Zoals gesteld heeft de wetgever duidelijk gemaakt dat de feitelijke gang van
zaken rond het stilleggen van de bouw niet hoeft te wijzigen. Naast het feit
dat de gemandateerde ambtenaar zelfstandig over het stilleggen van de bouw
moet kunnen beslissen impliceert dit ook dat er bij de constatering van
illegale bouw direct actie ondernomen moet kunnen worden. Zoals dit ook bij de
oude regeling het geval was zou dit betekenen dat voorafgaand aan de
toepassing van bestuursdwang niet eerst een schriftelijke waarschuwing behoeft
te worden gegeven.
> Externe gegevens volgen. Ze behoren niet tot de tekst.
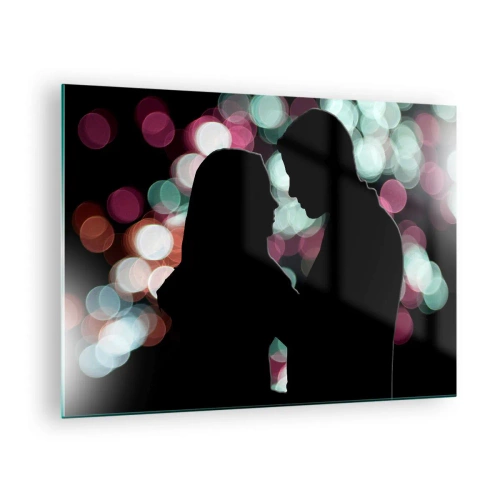 Tablou pe sticlă - Siluete de cuplu pe un fundal de lumini bokeh colorate - 70x50cm - Da! - Decorațiune modernă pentru perete pentru living și dormitor ARTTOR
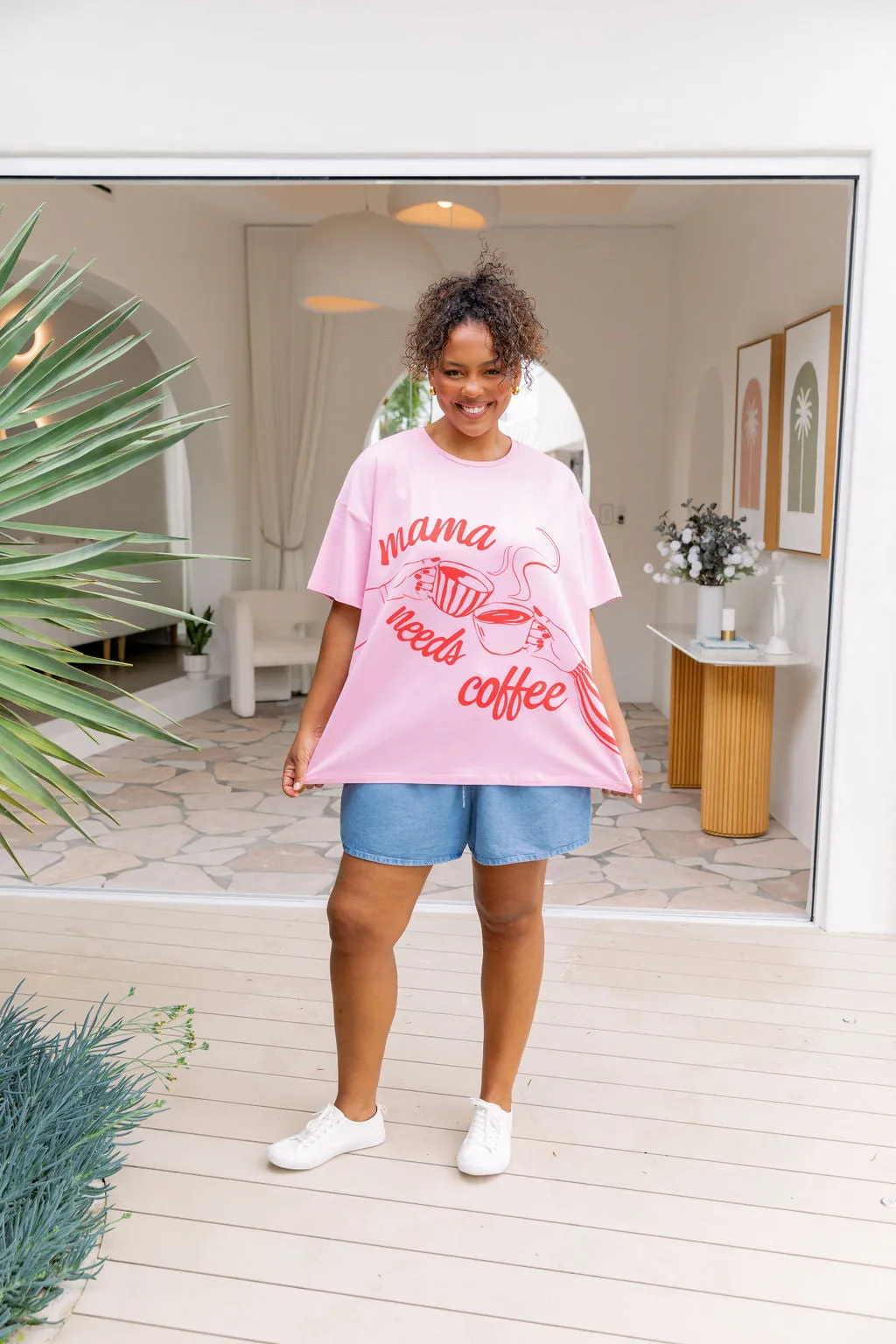 Mamma Needs Coffee Tee in Sherbet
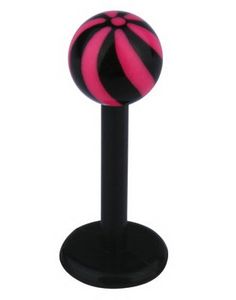 Candy Stripes Labret - Sort/Rosa - Strl 1,2x8x4mm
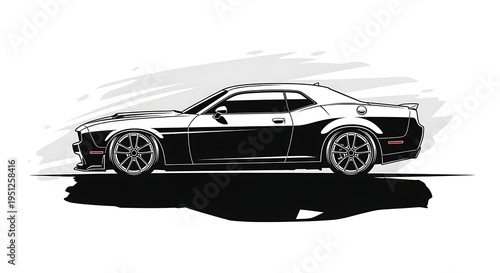 Modern American Muscle Car Vector Illustration Side Profile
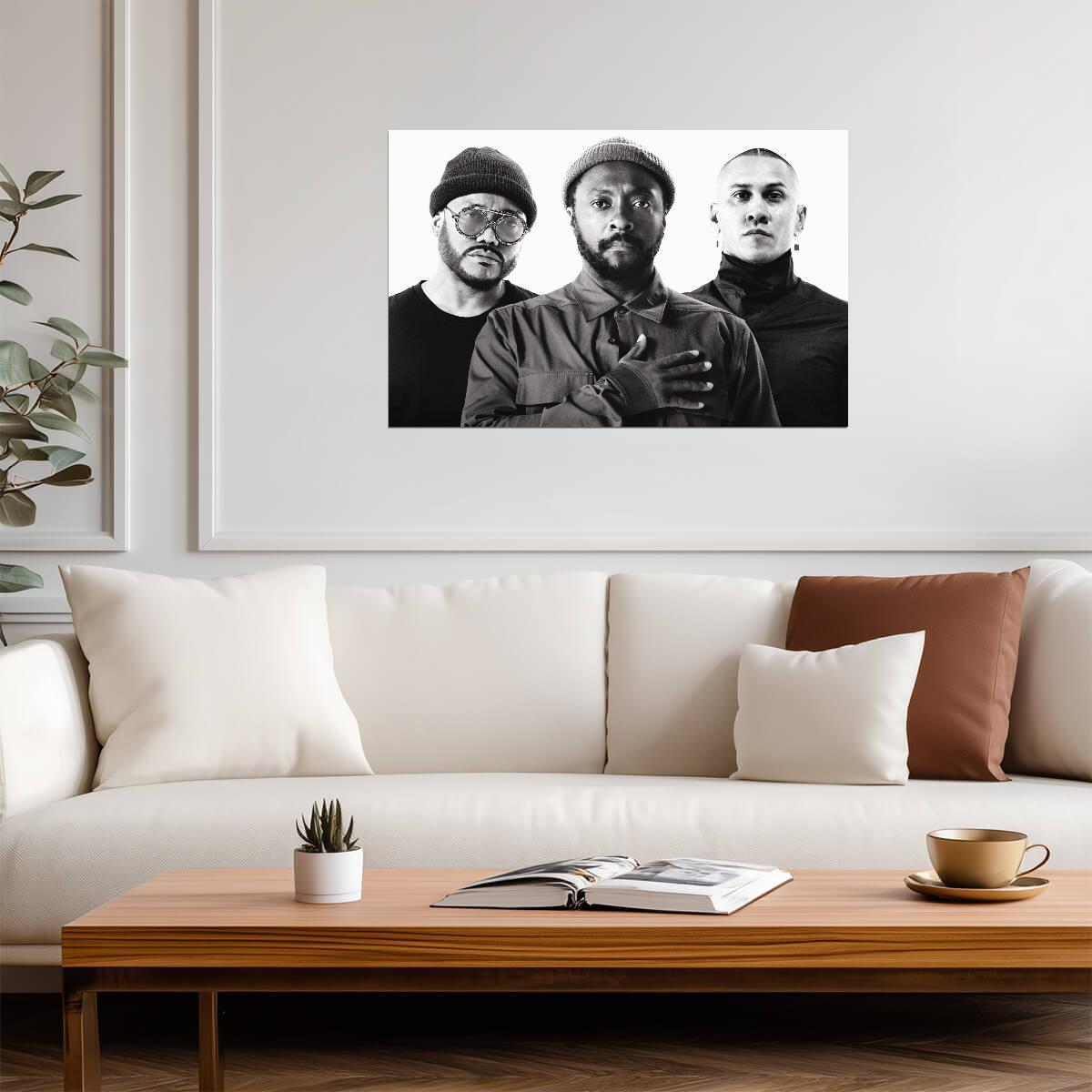 Black Eyed Peas | Black and White Music Poster | Pop Rap Group Portrait - Music Poster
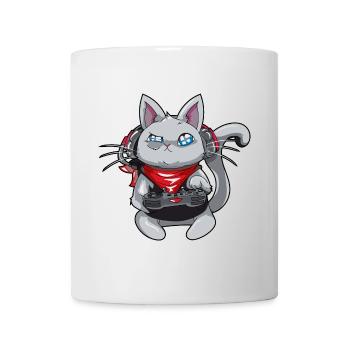 Cat with headphones - playing cat - gamer cat - Mug - white - Front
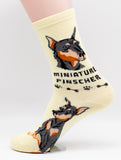 Miniature Pinscher Min Pin Socks Dog Breed Foozy Novelty Socks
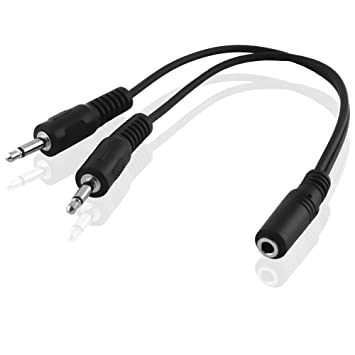 3.5mm Audio Cable Adapter, 1x Stereo Female to 2x Mono Male, 0.2 m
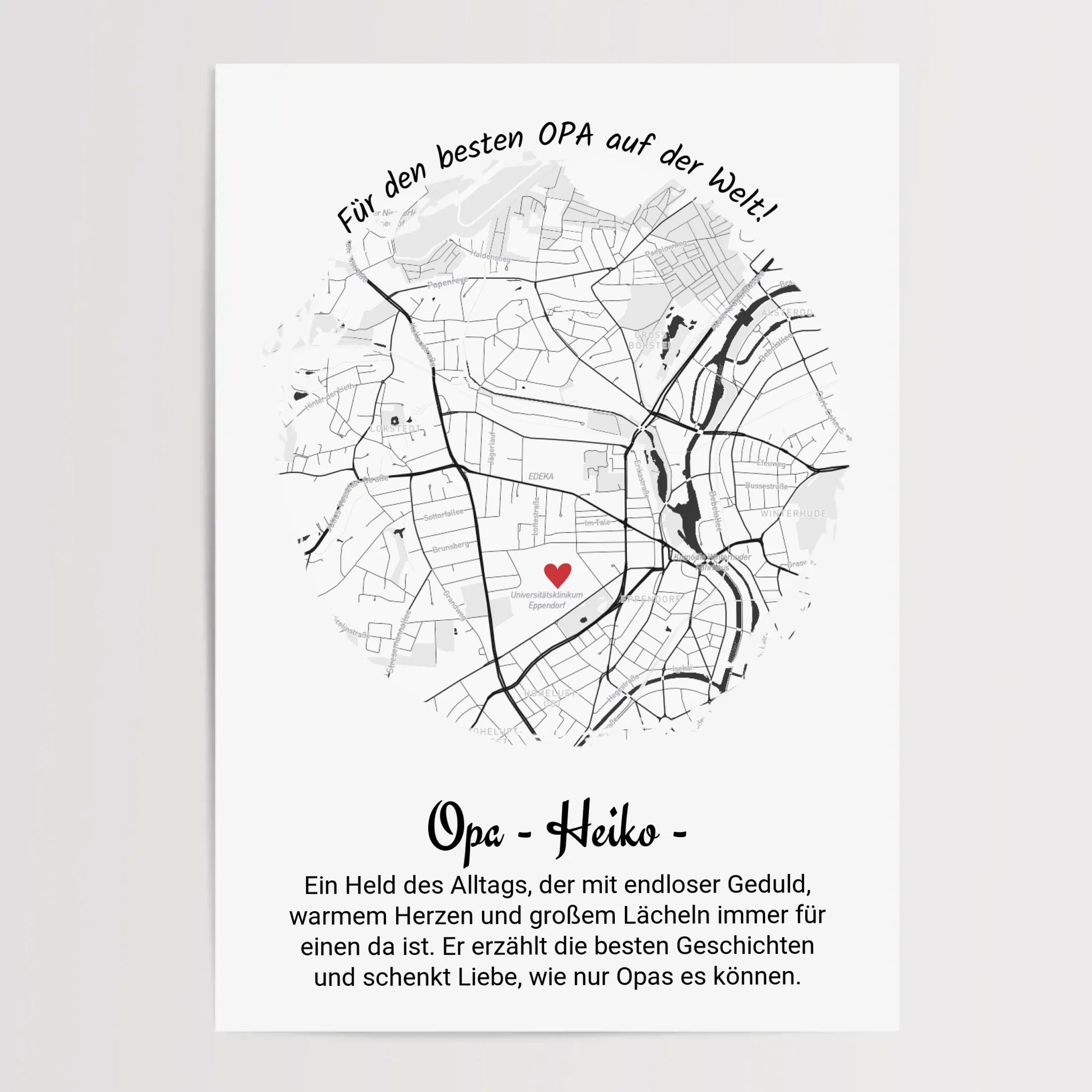 Personalisiertes Geschenk für Opa Poster Stadtkarte zum Geburtstag, Weihnachten & Vatertag - Cantty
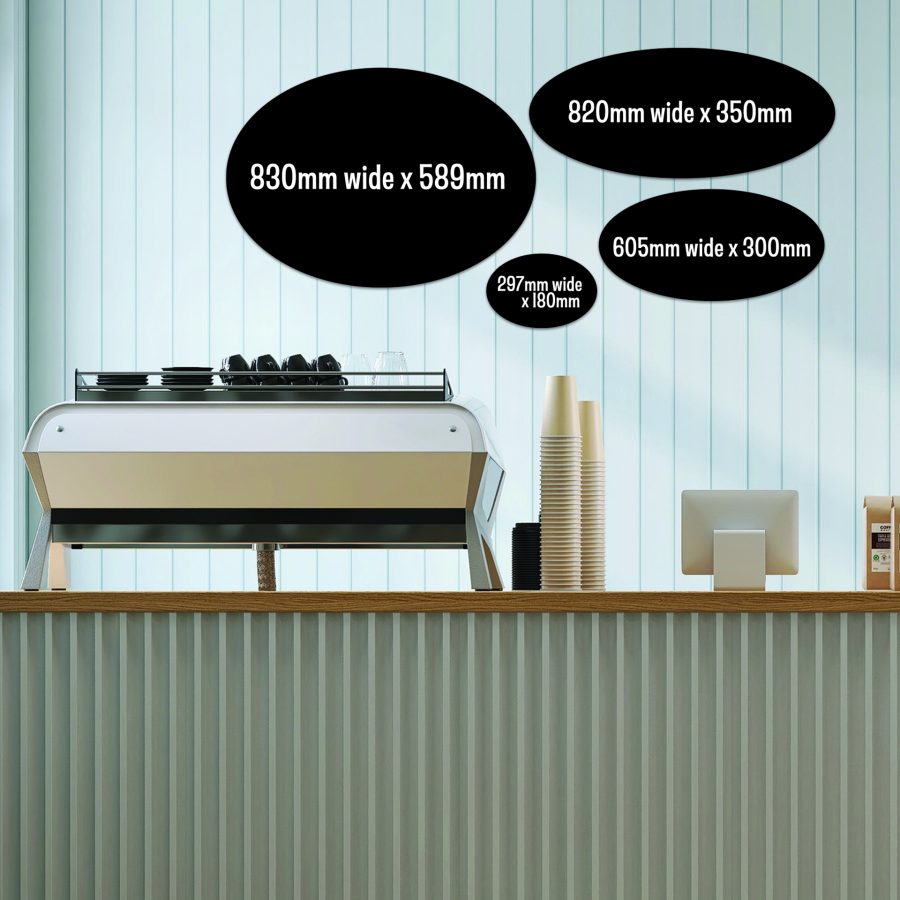 A collection of 4 oval shaped chalkboards hanging from a wall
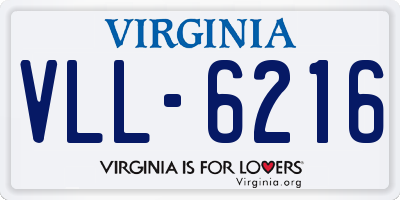 VA license plate VLL6216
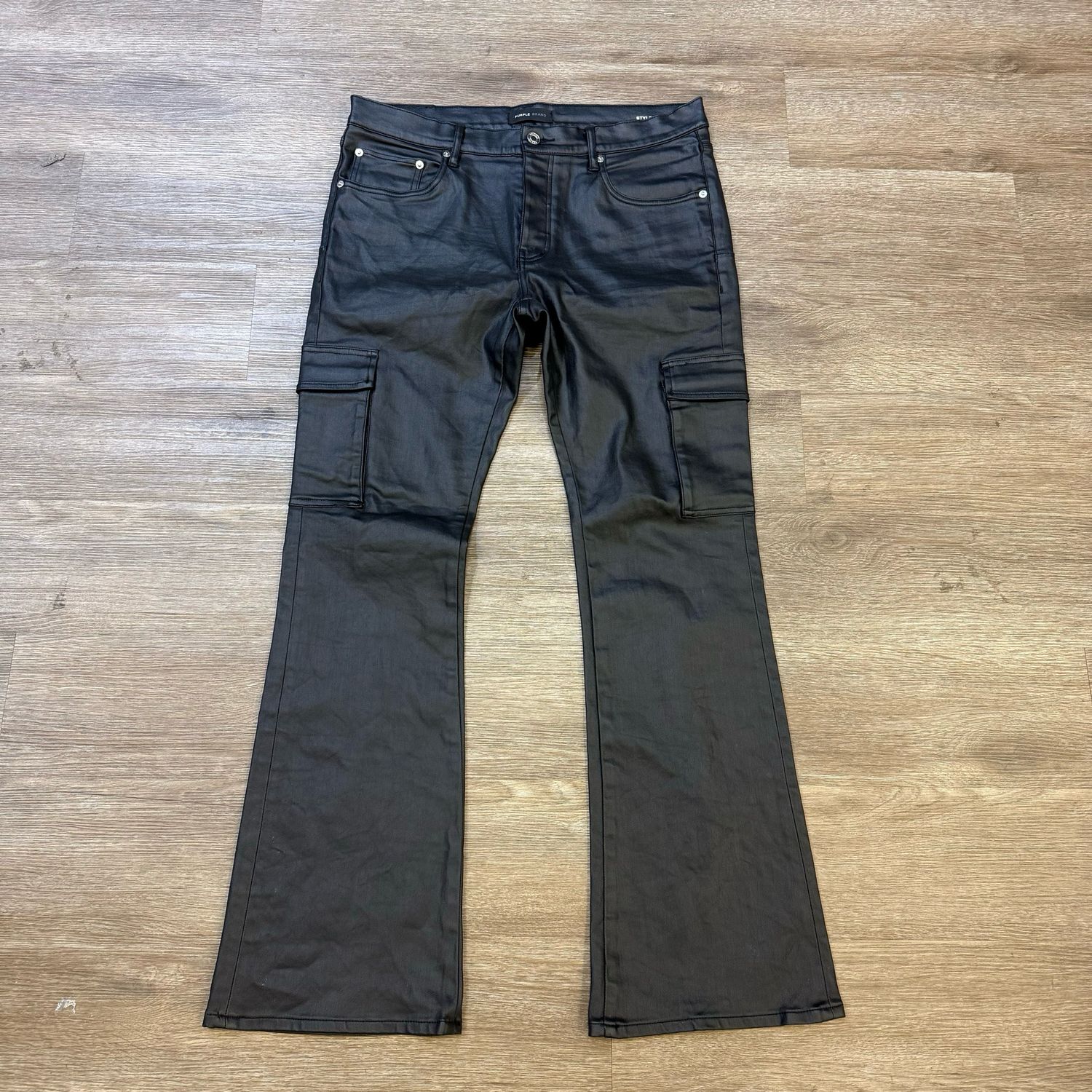 PO PURPLE JEANS P004 BLACK LEATHER FLARED JEANS SIZE 36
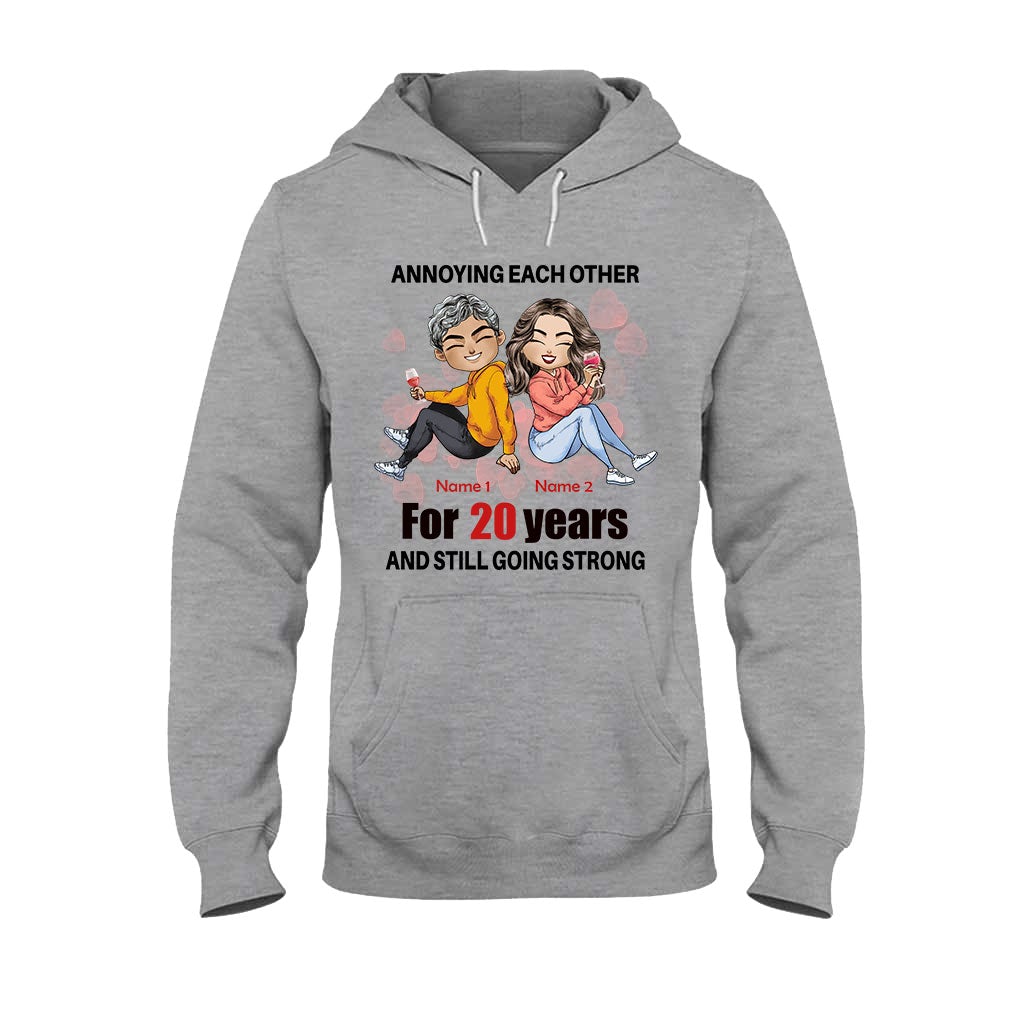 Husband And Wife Annoying Each Other - Personalized Couple T-shirt and Hoodie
Onder de oude regeling was de ambtenaar die de bouw had
stilgelegd, gehouden om binnen twee werkdagen een (bestuursrechtelijk)proces
verbaal op te stellen en in afschrift mee te delen aan de overtreder. Dit
schriftelijke stuk gaf voor de rechter de doorslag om het stilleggen van de
bouw te zien als een bijzondere vorm van bestuursdwang.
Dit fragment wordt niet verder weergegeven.